Secondo loro, la frattura tra i due cattolicesimi – che D. Hervieu-Léger chiama «una linea di scisma» – avviene tra due popolazioni cattoliche distinte, ma in movimento. La realtà sarebbe piuttosto quella della «diversità, pluralità, scissione». Il cattolicesimo conoscerebbe un fenomeno crescente di «diasporizzazione», ma non nella stessa logica delle diaspore giudea, armena, libanese, ecc., un fenomeno d’insediamento di piccole comunità in terre straniere. Qui le piccole comunità cattoliche sono divenute comunità di diaspora in loco, in una terra che è per così dire divenuta straniera sotto i loro stessi piedi. Dovranno gestire esse stesse le numerose tensioni interne, che le attraversano, e ciò potrebbe rappresentare una «possibilità» – ma qui le proiezioni degli autori divengono molto vaghe –, nella misura in cui tali comunità «diasporiche» dovessero reinventare una tradizione «estremamente creatrice». Gli organismi episcopali si accontenterebbero d’essere garanti di un «legame di comunione», abbastanza morbido, si suppone. In una parola, se comprendiamo bene, poiché la dinamica del Vaticano II, anche se resa propulsiva da Francesco (il quale viene ostacolato dalla «Curia», come si sa…), non ha avuto successo a livello istituzionale, lo avrà grazie all’implosione del cattolicesimo.

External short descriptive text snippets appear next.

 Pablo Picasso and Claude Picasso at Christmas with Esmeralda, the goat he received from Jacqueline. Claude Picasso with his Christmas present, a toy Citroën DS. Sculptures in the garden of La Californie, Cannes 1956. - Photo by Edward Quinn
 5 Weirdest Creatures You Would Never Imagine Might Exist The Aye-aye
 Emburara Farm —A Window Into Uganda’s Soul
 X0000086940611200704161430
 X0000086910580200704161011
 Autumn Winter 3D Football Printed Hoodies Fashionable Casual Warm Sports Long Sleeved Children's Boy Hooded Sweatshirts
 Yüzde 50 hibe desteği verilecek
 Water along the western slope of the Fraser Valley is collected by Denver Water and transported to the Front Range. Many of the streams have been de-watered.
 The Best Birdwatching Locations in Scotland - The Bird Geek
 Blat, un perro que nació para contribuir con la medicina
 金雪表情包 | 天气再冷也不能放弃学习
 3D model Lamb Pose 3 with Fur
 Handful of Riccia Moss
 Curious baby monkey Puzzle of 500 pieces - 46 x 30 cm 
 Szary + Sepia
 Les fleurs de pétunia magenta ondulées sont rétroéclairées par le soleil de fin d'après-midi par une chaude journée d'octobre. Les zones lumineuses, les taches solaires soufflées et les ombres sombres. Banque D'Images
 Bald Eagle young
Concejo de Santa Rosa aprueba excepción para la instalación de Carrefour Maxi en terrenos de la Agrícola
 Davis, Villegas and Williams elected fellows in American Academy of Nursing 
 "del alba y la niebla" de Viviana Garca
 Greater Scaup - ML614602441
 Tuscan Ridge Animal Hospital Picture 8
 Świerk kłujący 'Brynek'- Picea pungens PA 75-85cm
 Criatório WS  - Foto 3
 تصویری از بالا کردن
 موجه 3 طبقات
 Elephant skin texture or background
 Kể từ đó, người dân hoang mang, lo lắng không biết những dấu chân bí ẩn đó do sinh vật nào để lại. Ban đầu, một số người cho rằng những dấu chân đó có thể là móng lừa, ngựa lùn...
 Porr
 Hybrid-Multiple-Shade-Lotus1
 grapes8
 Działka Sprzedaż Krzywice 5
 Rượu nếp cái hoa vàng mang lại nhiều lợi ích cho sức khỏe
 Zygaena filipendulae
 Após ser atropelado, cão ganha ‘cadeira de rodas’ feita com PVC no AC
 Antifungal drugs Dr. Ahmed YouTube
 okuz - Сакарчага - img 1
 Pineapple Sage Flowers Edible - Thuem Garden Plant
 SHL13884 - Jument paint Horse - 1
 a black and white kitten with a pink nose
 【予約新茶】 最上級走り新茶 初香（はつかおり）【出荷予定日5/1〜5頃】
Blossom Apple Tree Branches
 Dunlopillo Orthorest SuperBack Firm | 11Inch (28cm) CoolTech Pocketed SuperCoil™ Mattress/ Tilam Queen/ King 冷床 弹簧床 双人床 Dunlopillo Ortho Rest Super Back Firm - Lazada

Salvo che… Salvo ch’essi, l’uno e l’altra, prestino molta attenzione alla nebulosa «conservatrice», per parlare come Yann Raison du Cleuziou (Qui sont les cathos aujourd’hui [Chi sono i cattolici oggi], Desclée de Brouwer, 2014), che, in una certa misura, resiste alla secolarizzazione interna del cattolicesimo. Concordano sul fatto che l’esistenza di questo «focolaio osservante» obbliga i sociologi della loro generazione a riaggiustare le proprie analisi. Ma, secondo loro, l’aspetto più vistoso della resistenza opposta da questo conservatorismo [ed il più esasperante per i fautori dell’offensiva di Traditionis custodes], cioè la «tradizionalizzazione» continua del reclutamento sacerdotale – il clero di tipo tradizionalista o della Comunità di San Martino rappresenterà tra il 20 ed il 40% del clero francese nel 2050 – non cambia praticamente nulla, poiché rappresenta un’infusione clericale infima. Infima, come ben si vede, ma relativamente, risultando lo stesso cattolicesimo malato a livello sociale, come gli stessi autori insistono a dire.